To show that the projection matrix is \(\boldsymbol{H}\) (3.4), it suffices to check that:

\[ \boldsymbol{\widehat{\mu}} = \boldsymbol{X}\boldsymbol{\widehat{\beta}} = \boldsymbol{X}(\boldsymbol{X}^T \boldsymbol{X})^{-1}\boldsymbol{X}^T \boldsymbol{y} \equiv \boldsymbol{H} \boldsymbol{y}. \]

Figure 3.1: Least squares as orthogonal projection.

Proposition 3.2 If \(\boldsymbol{P}\) is an orthogonal projection onto a subspace \(\boldsymbol{W}\), then:

\(\boldsymbol{P}\) is idempotent, i.e., \(\boldsymbol{P}^2 = \boldsymbol{P}\).
For all \(\boldsymbol{v} \in \boldsymbol{W}\), we have \(\boldsymbol{P}\boldsymbol{v} = \boldsymbol{v}\), and for all \(\boldsymbol{v} \in \boldsymbol{W}^{\perp}\), we have \(\boldsymbol{P} \boldsymbol{v} = 0\).
\(\text{trace}(\boldsymbol{P}) = \text{dim}(\boldsymbol{W})\).

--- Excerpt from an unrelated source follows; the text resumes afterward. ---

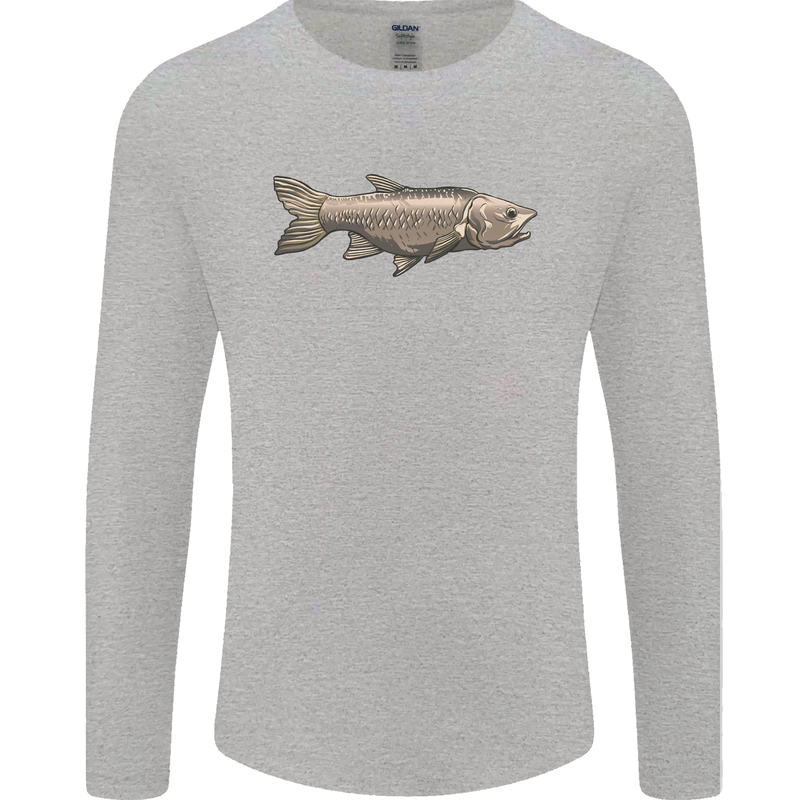 A Bolan Fish Fishing Fisherman Mens Long Sleeve T-Shirt Sports Grey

One consequence of the geometric interpretation of least squares is that the fitted values \(\boldsymbol{\widehat{\mu}}\) depend on \(\boldsymbol{X}\) only through \(C(\boldsymbol{X})\). As we will see in Homework 1, there are many different model matrices \(\boldsymbol{X}\) leading to the same model space. Essentially, this reflects the fact that there are many different bases for the same vector space. Consider, for example, changing the units on the columns of \(\boldsymbol{X}\). It can be verified that not just the fitted values \(\boldsymbol{\widehat{\mu}}\) but also the predictions on a new set of features remain invariant to reparametrization (this follows from parts (a) and (b) of Homework 1 Problem 1). Therefore, while reparametrization can have a huge impact on the fitted coefficients, it has no impact on the predictions of linear regression.